[[ Provided information open ]]

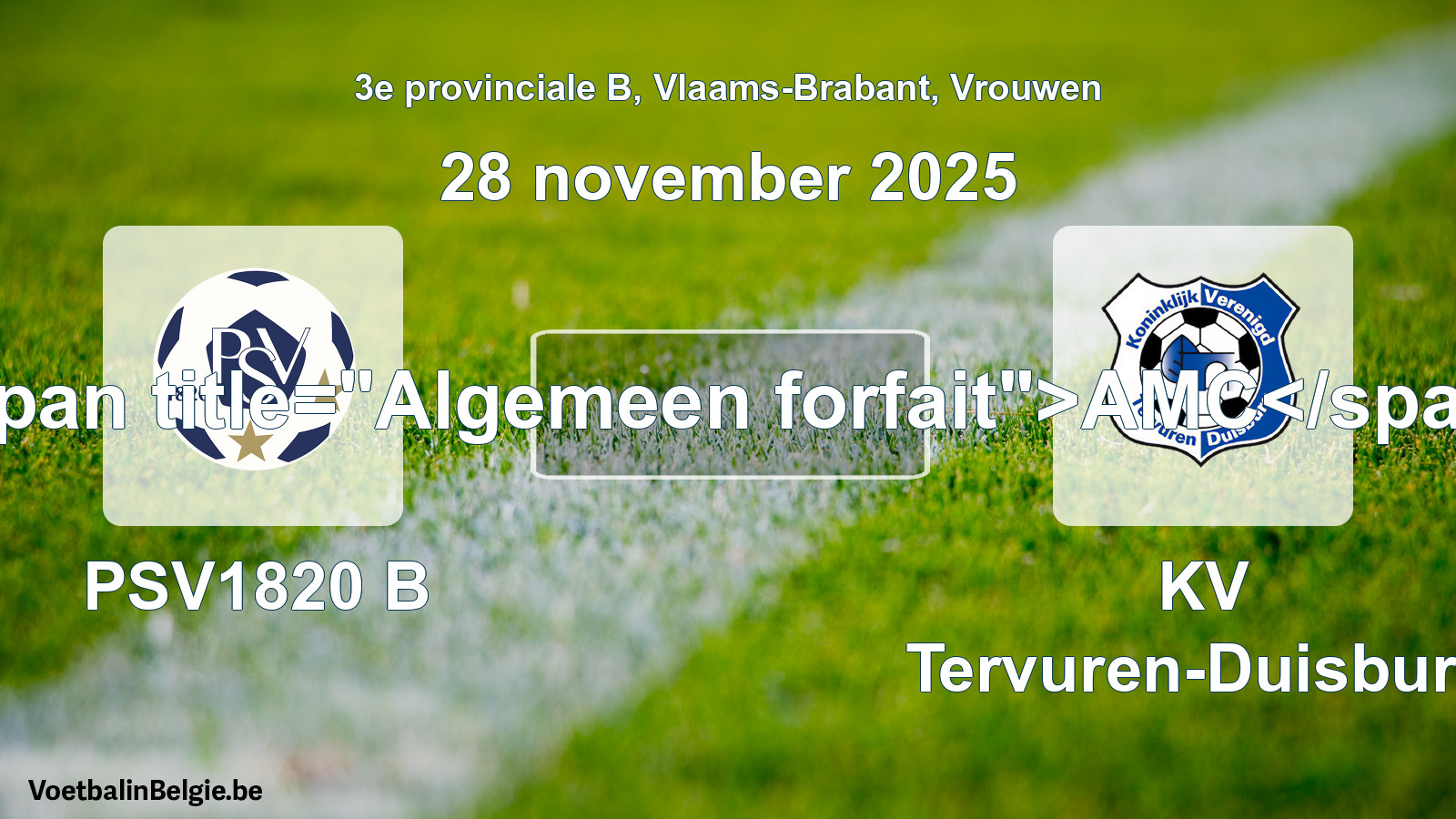 Forfait général: PSV1820 B - KV Tervuren-Duisburg (28 novembre 2025)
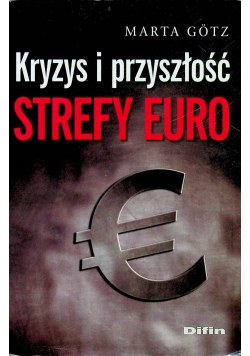 Kryzys i przyszłość strefy euro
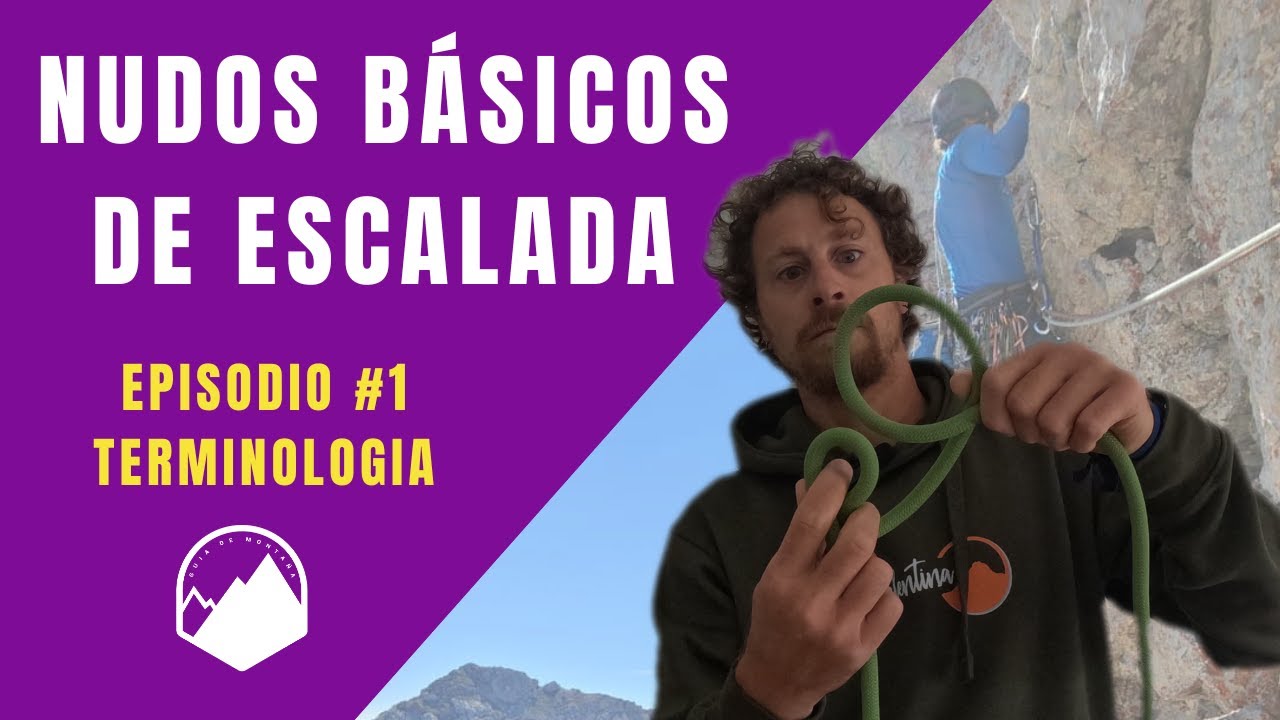 NUDOS IMPRESCINDIBLES de ESCALADA. Episodio #1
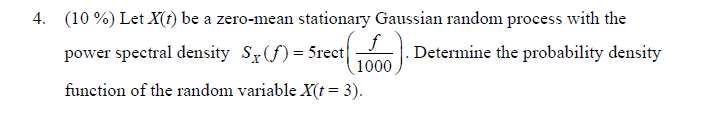 Solved 4. (10%) Let X(t) be a zero- mean stationary Gaussian | Chegg.com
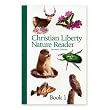 Christian Liberty Nature Reader Book 1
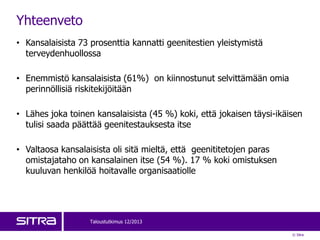 Sitra: Kuluttajien asentet geenitutkimuksia kohtaan (Taloustutkimus 12/2013) Slide 5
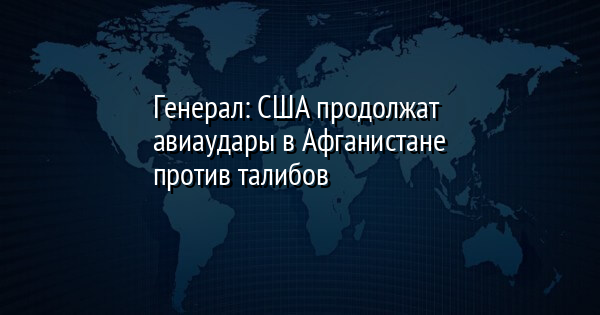 Генерал: США продолжат авиаудары в Афганистане против талибов | FaceNews.ua: новости Украины - Vimarsana News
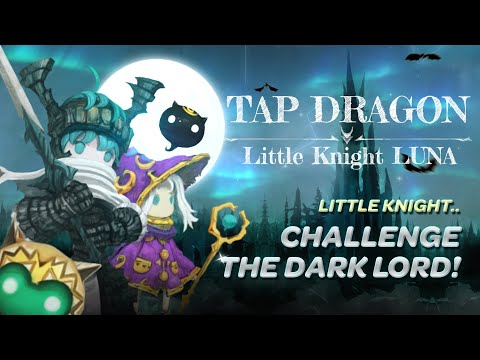 [Tap Dragon: Little Knight Luna] A beautiful and dangerous fantasy world..Enchanting Clicker RPG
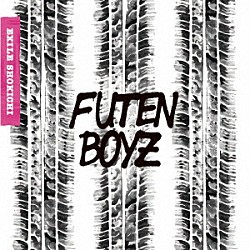 ＥＸＩＬＥ　ＳＨＯＫＩＣＨＩ「Ｆｕｔｅｎ　Ｂｏｙｚ」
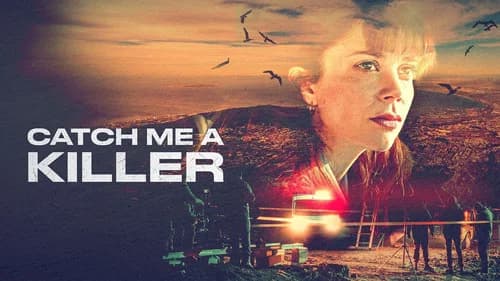 Catch Me a Killer still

[[ Provided information closed ]]

Exercise:
Copy exactly and only this span: the line with "ＥＸＩＬＥ　ＳＨＯＫＩＣＨＩ「Ｆｕｔｅｎ　Ｂｏｙｚ」" through the final line of the entries, both ends included, with the pictures left out.

Answer:
 ＥＸＩＬＥ　ＳＨＯＫＩＣＨＩ「Ｆｕｔｅｎ　Ｂｏｙｚ」
 Catch Me a Killer still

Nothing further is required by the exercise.